Deep learning-based cervical cancer T-staging using MRI: multi-structure segmentation and classification.
Authors
Affiliations (9)
Affiliations (9)
- Department of Digital Medicine, College of Biomedical Engineering and Medical Imaging, Army Medical University, (Third Military Medical University), Chongqing, 400038, China.
- Yu-Yue Pathology Research Center, Jinfeng Laboratory, Chongqing, 401329, China.
- Department of Medical Engineering of Jiangbei Campus, The First Affiliated Hospital of Army Medical University (The 958th hospital of Chinese PLA), Chongqing, 400020, China.
- Department of Radiology, The First People's Hospital of Neijiang, Neijiang, Sichuan Province, 641000, China.

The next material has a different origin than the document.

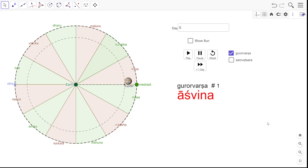Good afternoon and welcome to the next short video in the Ahurgana series. In the last video, we had seen the definition of something called Gururvarsha, which is part of Gururmana. And the names of Gururvarsha were mimicking the names of Chandramasa. In this video, we will see the definition of something else called Samvatsara, which is also a part of Gururmana.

- Department of Oncology, Zigong First People's Hospital, Zigong, Sichuan Province, 643000, China.
- Department of Radiology, First Affiliated Hospital of Army Medical University, Third Military Medical University), Chongqing, 400038, China.
- Department of Obstetrics and Gynecology, Chongqing, 400038, China. [email protected].

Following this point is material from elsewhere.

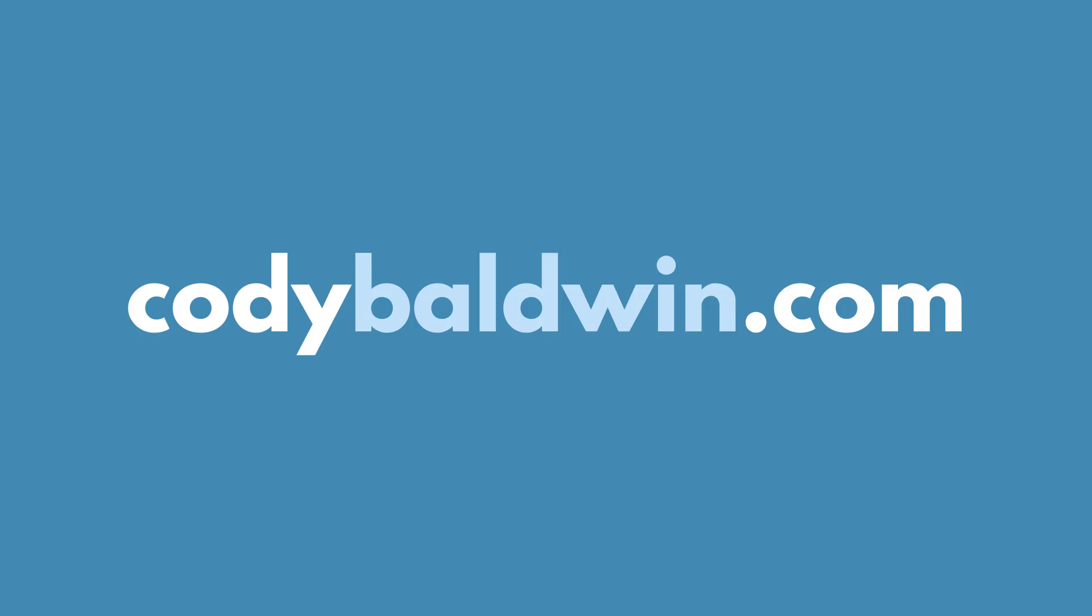If you're interested in other analytics cheat sheets and resources, you can find them over at CodyBaldwin.com.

- Department of Digital Medicine, College of Biomedical Engineering and Medical Imaging, Army Medical University, (Third Military Medical University), Chongqing, 400038, China. [email protected].
- Department of Medical Engineering of Jiangbei Campus, The First Affiliated Hospital of Army Medical University (The 958th hospital of Chinese PLA), Chongqing, 400020, China. [email protected].
Abstract
Cervical cancer has high incidence and mortality, seriously threatening women's survival and quality of life. Radiologists currently rely mainly on subjective clinical experience for cervical cancer T-staging, which easily leads to misdiagnosis. To develop a deep learning-based technique for automatic segmentation and T-staging of cervical cancer to improve clinical diagnostic accuracy and efficiency. A dataset of 17,479 fT1WI MRI scans from 144 patients (T1-T4 stages) was constructed; tumors and adjacent structures were manually outlined with Amira 2019 to generate ground truth (GT). A novel segmentation network (CPANet) was designed by integrating global pyramid guidance (GPG) and atrous spatial pyramid pooling (ASPP) modules into CNN. CPANet's segmentation performance was validated against GT and compared with UNet, UNet++, DeepLabv3+, and UperNet-Swin. Based on CPANet-extracted ROIs, T-staging models were built using ResNet50, DenseNet121, and Swin Transformer (pathological T-staging as GT), and the optimal model was selected. CPANet outperformed other networks, with Dice similarity coefficients (DSCs) of 0.783 (tumor), 0.901 (uterus), 0.909 (bladder), and 0.892 (rectum), and average per-case processing time of 1.60 s. Swin Transformer achieved the best T-staging performance: AUCs of 0.713 (T1), 0.799 (T2), 0.845 (T3-T4) for main stages, and 0.623 (T1b), 0.673 (T2a), 0.897 (T2b) for sub-stages from MRI images. This not only improves diagnostic accuracy and efficiency but also conserves medical resources, thereby facilitating the establishment of intelligent healthcare systems in medically underserved areas. CPANet and Swin Transformer enable accurate automatic segmentation and T-staging of cervical cancer from MRI images, improving diagnostic accuracy and efficiency, saving medical resources, and facilitating intelligent healthcare in underserved areas.